It cannot have escaped your notice that professional sportsmen of various stamps are once again showing up to games wearing suits and ties, and leaving afterwards similarly attired.
THE England football team went to the last World Cup in grey three-piece affairs, and that was the best thing about their performance. This is all to the good, but something odd has happened.
England’s ‘footballers’
I was reflecting the other day on the origins of certain forms of sporting dress, namely that worn for cricket, tennis and snooker. Cricket whites, or creams, were originally cream slacks, white shirt, and wool sweater (sleeves optional), worn with sporting blazer and cap. The blazer and cap were removed prior to play, and made for the accidental uniform of the sport. This is still the case, as seen in the fine-looking captains of England and Australia, below. But when all this was taking shape, men of all stamps who went to look on also wore jackets and ties, and hats.
Ponting and Strauss, this week
Eton v.
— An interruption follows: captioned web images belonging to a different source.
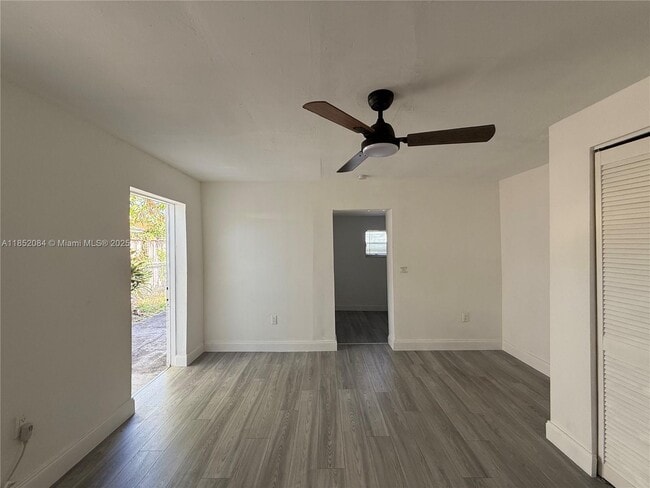 Building Photo - 341 NW 61st Ave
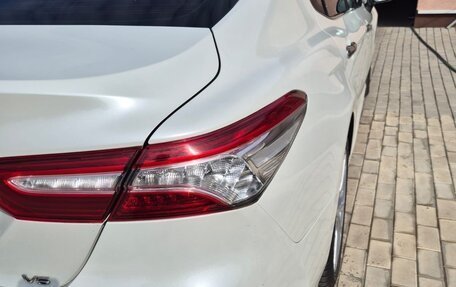 Toyota Camry, 2018 год, 2 980 000 рублей, 3 фотография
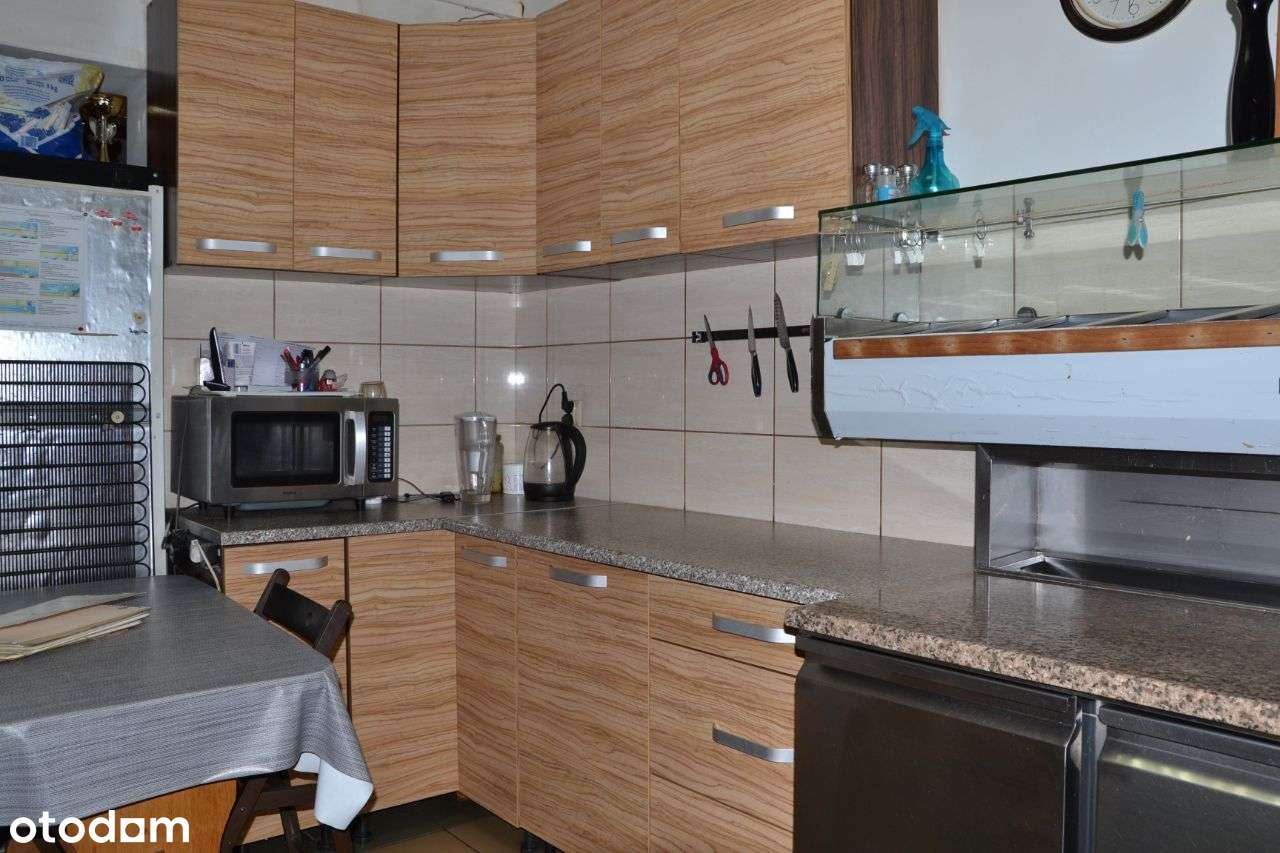 Dom z gotową i prosperującą restauracją!-13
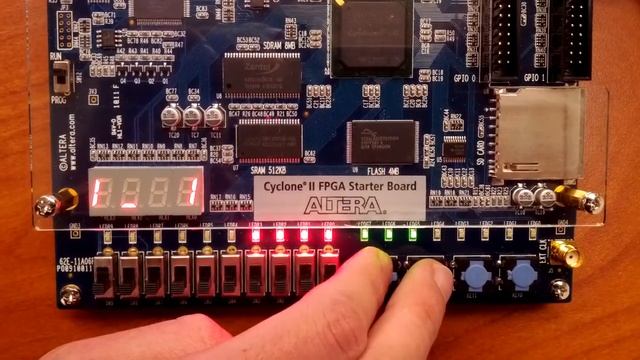Pong Game on Seven Segment Display Altera Board Cyclone II Verilog смотреть онлайн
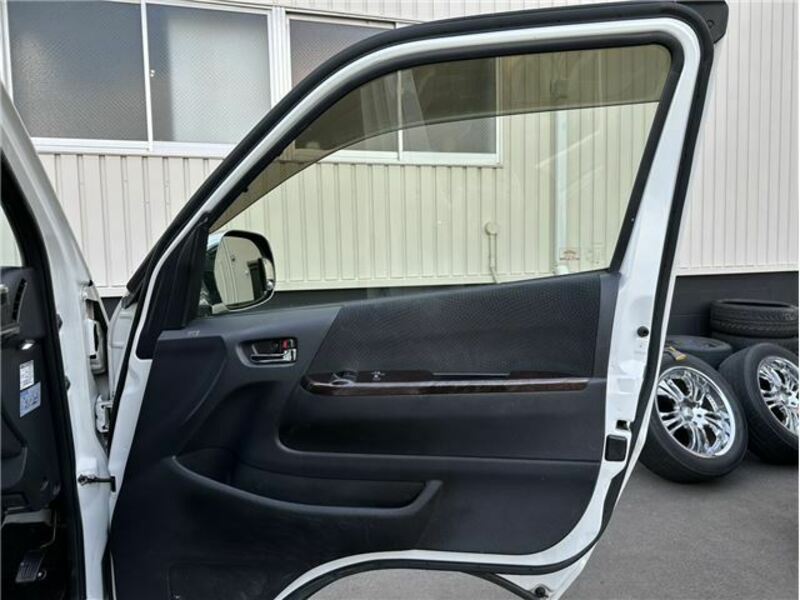 HIACE VAN-12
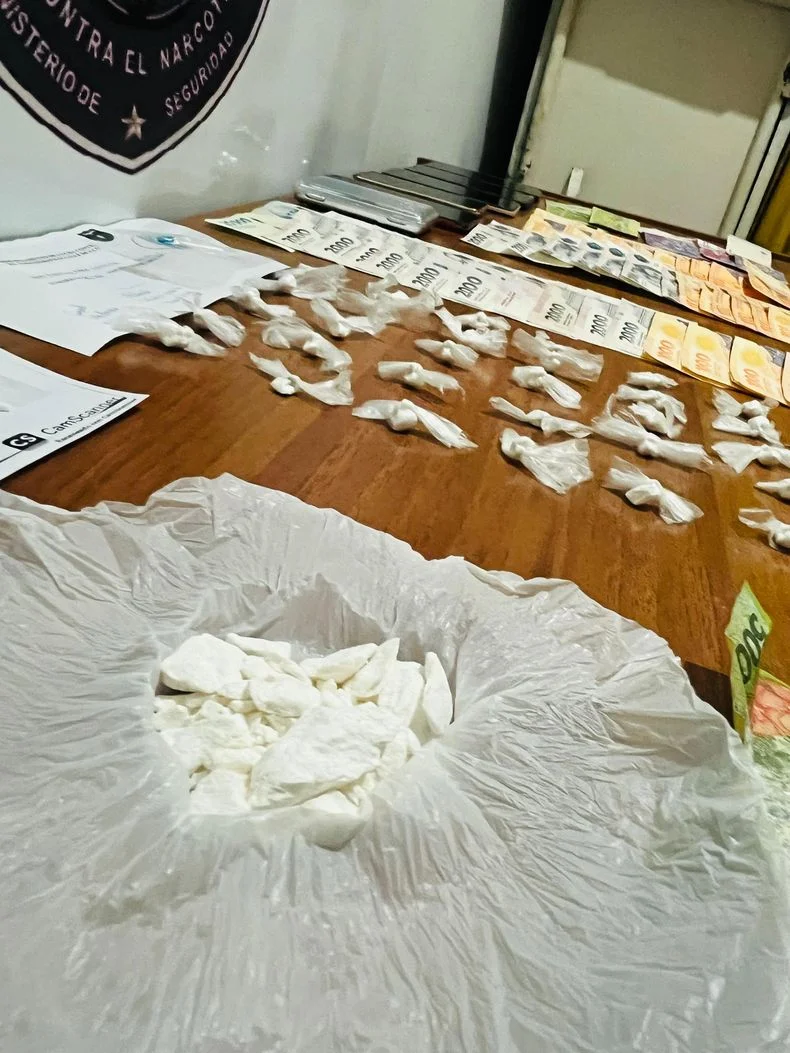 El resultado de los allanamientos: droga, dinero y elementos de fraccionamiento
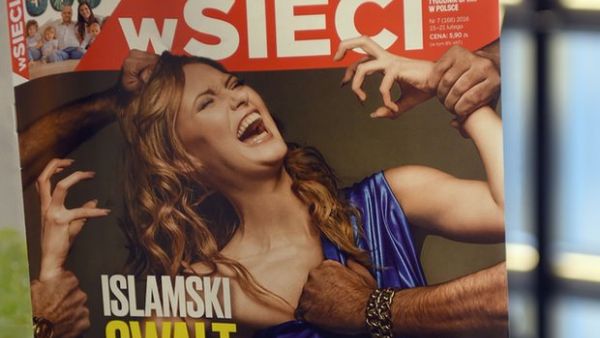Some Twitter users compared the image used in wSieci for an article referring to the Cologne sexual assaults, to Nazi propaganda. The words translate as "The Islamic rape of Europe". (AFP/Janek Skarzynski)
Harrow, Lord’s 1906
The tennis story is remarkably similar, as anyone who has seen old footage of Fred Perry playing will testify. The uniform of the sport was simply the uniform of the gentleman, but slightly unbuttoned. And the crowd spectated in collar, tie, and headgear.
Fred Perry
Snooker, which is now sinking into a mire of sad populism, owes its uniform to gentlemen’s evening wear, the dinner jacket being removed to leave simply a waistcoat, dress-shirt with bowtie, and dress trousers and shoes. Things devolved into the lounge suit, but basically remained attached to gentlemen’s formal attire. And those who watched the game would have looked much the same. Until the 1980s, the front rows of the audience at the World Championship wore black tie.
Joe Davis
More generally, the sporting audience of yesteryear went into the public gaze in appropriate clothing regardless of the sport. Baseball audiences of the 1950s, and even football (soccer) audiences up until the 1960s were suited, booted and crowned (and I’m talking of working-class audiences in the main). So why, when so many sportsmen are returning to the suit, do the watchers of sport now attend the fixtures of their favoured sports wearing the clothes in which modern athletes perform? What logic is there in wearing basketball gear to a basketball game? Or a football strip to a football match? So many sporting uniforms owe their existence to a distant relationship with gentlemanly (or at least respectable) sartorial standards, it now seems odd that sporting attire – with all its utilitarian considerations of comfort, the wicking away of sweat, and optimal performance for elite professionals – is informing what Mr. Public wears in the street, around the house, and to sit and watch.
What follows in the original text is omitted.